The ABA consumer delinquency survey shows the 30-day delinquency rate on home equity lines of credit fell to 1.7% in the third quarter from 1.9% in 3Q 2012.
Rising home prices and sales are providing some relief for delinquent home equity borrowers, according to ABA chief economist James Chessen. It is now a little easier for some people to refinance or sell their houses, he says
The chief economist also noted that delinquencies on eight types of closed-end loans (like auto loans, personal loans and home equity loans) fell to its lowest level since ABA started tracking consumer delinquencies several decades ago.
This is very positive news, Chessen says. It shows consumers are doing a very good job of managing their finances.
Banks held $518 billion in HELOCs on their balance sheets as of Sept. 30 and $88 billion in closed-end second mortgages, according to the Federal Deposit Insurance Corp.
Regulators are very concerned that HELOCs originated five to 10 years ago will recast over the next few years and many homeowners will not be able to afford the full principal and interest payments.

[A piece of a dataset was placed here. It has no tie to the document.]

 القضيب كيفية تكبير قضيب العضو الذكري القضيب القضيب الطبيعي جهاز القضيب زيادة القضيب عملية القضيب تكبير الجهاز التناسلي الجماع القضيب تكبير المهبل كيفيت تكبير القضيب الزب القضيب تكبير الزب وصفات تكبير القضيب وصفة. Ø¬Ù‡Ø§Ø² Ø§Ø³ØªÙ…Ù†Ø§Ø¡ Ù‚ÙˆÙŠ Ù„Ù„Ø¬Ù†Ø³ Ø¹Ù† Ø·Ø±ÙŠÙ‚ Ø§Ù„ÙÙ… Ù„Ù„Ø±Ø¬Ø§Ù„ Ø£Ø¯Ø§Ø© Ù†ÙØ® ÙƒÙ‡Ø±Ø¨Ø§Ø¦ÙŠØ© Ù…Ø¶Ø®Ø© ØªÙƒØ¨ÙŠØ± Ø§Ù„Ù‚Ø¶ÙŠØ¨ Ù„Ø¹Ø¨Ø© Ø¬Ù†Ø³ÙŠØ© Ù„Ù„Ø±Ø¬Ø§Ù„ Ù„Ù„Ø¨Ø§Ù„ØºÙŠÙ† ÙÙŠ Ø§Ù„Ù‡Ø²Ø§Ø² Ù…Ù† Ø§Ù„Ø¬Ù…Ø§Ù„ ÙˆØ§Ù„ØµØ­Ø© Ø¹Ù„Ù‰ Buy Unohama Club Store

Before recasting, borrowers are just required to pay interest on the HELOC each month.
Regulators want the banks to refinance these HELOC borrowers before the Federal Reserve begins to raise interest rates, according to ABA senior economist Keith Leggett. The bank regulators will be monitoring this market very closely, he says.
Net charge-offs on HELOCs totaled over $1.15 billion during the third quarter, compared to $4.17 billion in the 3Q 2012, according to the FDIC.